The eighth season of the American television comedy The Office commenced airing on NBC in the United States on September 22, 2011, and concluded on May 10, 2012, consisting of 24 episodes. The series is an American adaptation of the British comedy series of the same name, and is presented in a mockumentary format, portraying the daily lives of office employees in the Scranton, Pennsylvania branch of the fictitious Dunder Mifflin Paper Company. The eighth season of The Office aired on Thursdays at 9:00 p.m. (Eastern) in the United States as part of the "Comedy Night Done Right" television block. It stars Rainn Wilson, John Krasinski, Jenna Fischer, B. J. Novak, Ed Helms, and James Spader, with supporting performances from Catherine Tate, Leslie David Baker, Brian Baumgartner, Creed Bratton, Kate Flannery, Mindy Kaling, Ellie Kemper, Angela Kinsey, Paul Lieberstein, Oscar Nunez, Craig Robinson, Phyllis Smith, and Zach Woods. This was the first season without Steve Carell as Michael Scott in the lead role and the only one to not feature the character in any onscreen capacity, although he is occasionally mentioned.

The eighth season largely centers on Andy Bernard's (Ed Helms) ascension to regional manager, as well as the antics of Robert California (James Spader), the new CEO of Sabre, a fictional printer company that owns Dunder Mifflin. Halfway through the season, Dwight Schrute (Rainn Wilson)—along with Jim Halpert (John Krasinski), Stanley Hudson (Leslie David Baker), Ryan Howard (B. J. Novak), Erin Hannon (Ellie Kemper), and Cathy Simms (Lindsey Broad)—travel to Florida to help set up a Sabre Store, where Nellie Bertram (Catherine Tate) is introduced. Eventually, former CFO of Dunder Mifflin David Wallace (Andy Buckley) buys back the company, firing California.

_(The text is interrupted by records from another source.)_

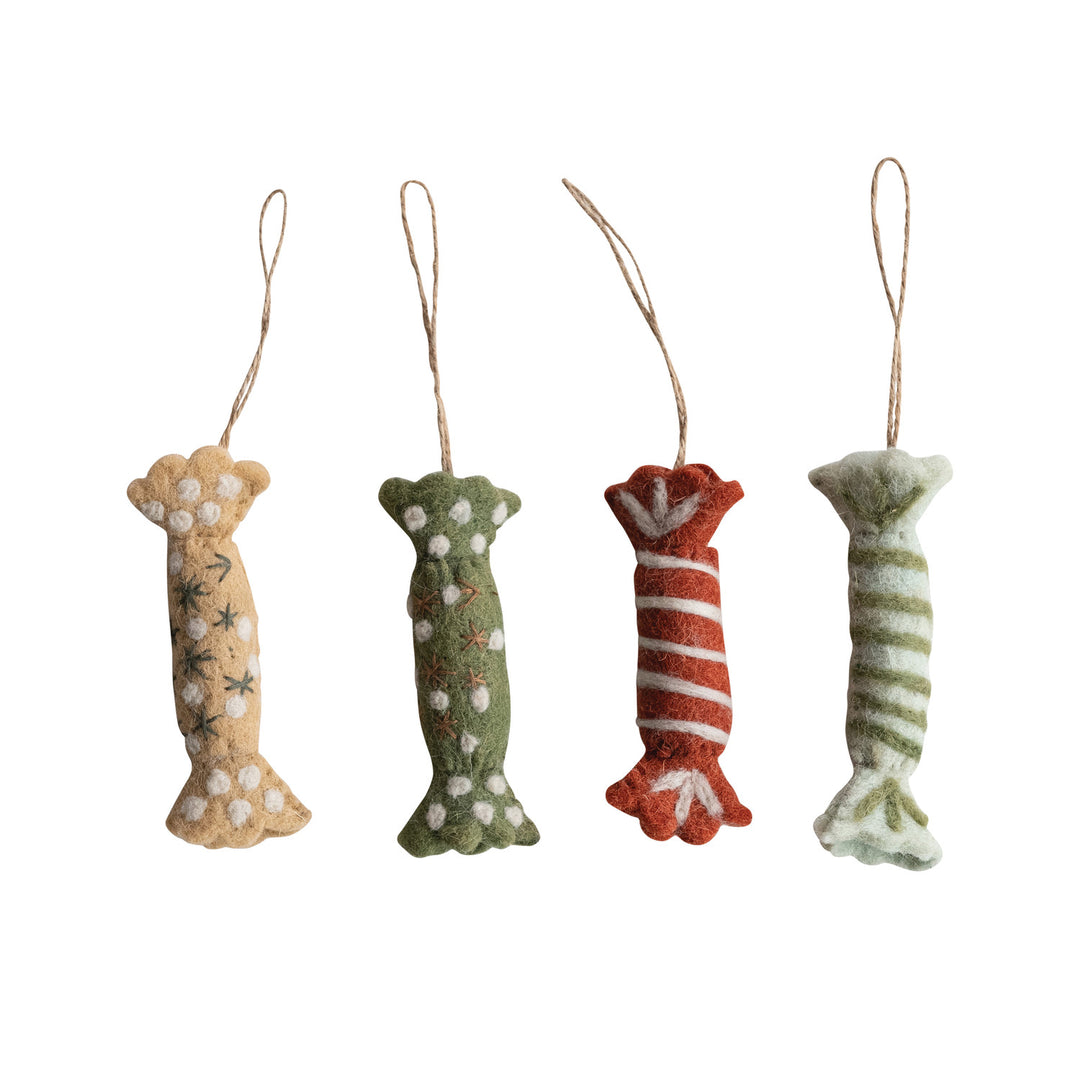 4"H Handmade Wool Felt Candy Ornament with Embroidery, 4 Styles ©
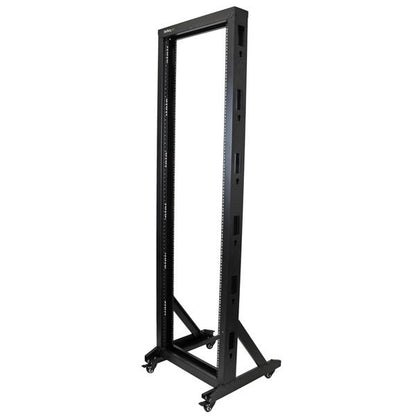 StarTech.com 42U 2-Post Open Frame Server Rack, 19in Rolling IT Rack with 661lb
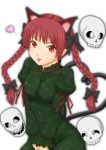  bow braid cat_ears cat_tail hair_bow heart heart_tail hero_rice highres kaenbyou_rin long_hair multiple_tails pointy_ears red_eyes red_hair redhead skill skull solo tail tongue touhou twin_braids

Despite debuting with moderate viewing figures, the departure of Carell affected the show's ratings, which fell as the season progressed. The season ranked as the eighty-seventh-most watched television series during the 2011–12 television year and saw a dramatic decrease in ratings from the previous season. Critical reception was polarized. Many critics argued that the series should have ended after the departure of Carell; many also felt that the season recycled storylines from past episodes. Other critics were more positive, complimenting various actors and their characters. It marked the first time since season one that the show did not receive any Emmy nominations.

Production
The eighth season of the show was produced by Reveille Productions and Deedle-Dee Productions, both in association with Universal Television. The show is based on the British comedy series of the same name, which was created by Ricky Gervais and Stephen Merchant for the British Broadcasting Corporation (BBC). In addition, the two are executive producers on the show. This season of The Office was produced by Greg Daniels and Paul Lieberstein, the latter of whom serves as the showrunner. Returning writers from the previous season included Lieberstein, Charlie Grandy, Justin Spitzer, Carrie Kemper, Daniel Chun, Robert Padnick, Aaron Shure, Steve Hely, Amelie Gillette, Mindy Kaling, and B. J. Novak; the latter two were both also credited as executive producers. It was previously unknown whether Kaling would write for the series any longer. Kaling herself confirmed via her Twitter page that she would write the Christmas-themed episode, "Christmas Wishes". Three new writers joined the staff beginning in season eight: Owen Ellickson, Allison Silverman and Dan Greaney. The season also saw the directorial debuts of cast members Ed Helms and Brian Baumgartner; Helms directed the episode "Christmas Wishes", and Baumgartner directed "After Hours".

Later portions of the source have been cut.